◆ About this task
Scan the material below and copy every line holding the word "Green".

◆ Dataset entries
%%

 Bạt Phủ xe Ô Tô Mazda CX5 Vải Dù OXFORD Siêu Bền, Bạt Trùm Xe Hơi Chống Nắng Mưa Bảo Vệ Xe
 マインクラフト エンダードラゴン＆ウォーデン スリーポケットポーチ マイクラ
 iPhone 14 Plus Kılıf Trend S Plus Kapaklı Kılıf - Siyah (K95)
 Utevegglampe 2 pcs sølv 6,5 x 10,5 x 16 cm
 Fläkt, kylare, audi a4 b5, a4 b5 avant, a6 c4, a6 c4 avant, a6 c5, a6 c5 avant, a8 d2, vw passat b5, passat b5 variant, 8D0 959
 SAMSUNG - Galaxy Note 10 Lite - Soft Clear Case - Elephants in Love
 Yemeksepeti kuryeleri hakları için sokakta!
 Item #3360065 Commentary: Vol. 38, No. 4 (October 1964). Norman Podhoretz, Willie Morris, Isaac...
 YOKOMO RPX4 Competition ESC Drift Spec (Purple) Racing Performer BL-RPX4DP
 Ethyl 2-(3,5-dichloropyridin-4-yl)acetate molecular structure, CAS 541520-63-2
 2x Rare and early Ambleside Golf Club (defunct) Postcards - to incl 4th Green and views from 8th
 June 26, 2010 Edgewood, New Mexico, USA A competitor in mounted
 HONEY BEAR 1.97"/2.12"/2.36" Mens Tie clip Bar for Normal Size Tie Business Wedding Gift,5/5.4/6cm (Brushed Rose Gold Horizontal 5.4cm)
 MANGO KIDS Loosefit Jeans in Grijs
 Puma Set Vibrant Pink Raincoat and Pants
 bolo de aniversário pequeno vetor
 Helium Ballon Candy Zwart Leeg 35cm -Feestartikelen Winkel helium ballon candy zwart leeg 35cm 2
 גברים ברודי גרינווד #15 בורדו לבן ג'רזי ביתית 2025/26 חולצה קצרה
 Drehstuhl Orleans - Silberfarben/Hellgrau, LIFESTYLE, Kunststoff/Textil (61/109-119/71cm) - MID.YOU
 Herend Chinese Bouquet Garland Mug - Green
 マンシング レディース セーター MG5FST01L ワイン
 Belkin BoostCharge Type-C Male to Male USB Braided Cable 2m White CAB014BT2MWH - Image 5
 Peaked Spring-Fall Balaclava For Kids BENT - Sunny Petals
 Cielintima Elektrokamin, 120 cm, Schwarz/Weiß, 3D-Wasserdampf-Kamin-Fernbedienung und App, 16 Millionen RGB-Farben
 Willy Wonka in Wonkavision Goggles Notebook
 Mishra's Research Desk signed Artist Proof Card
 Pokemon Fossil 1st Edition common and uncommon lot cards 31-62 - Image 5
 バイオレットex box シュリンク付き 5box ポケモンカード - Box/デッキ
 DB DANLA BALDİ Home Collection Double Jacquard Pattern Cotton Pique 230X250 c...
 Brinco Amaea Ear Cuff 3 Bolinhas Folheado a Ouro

%%

◆ Answer for this exercise
 2x Rare and early Ambleside Golf Club (defunct) Postcards - to incl 4th Green and views from 8th
 Herend Chinese Bouquet Garland Mug - Green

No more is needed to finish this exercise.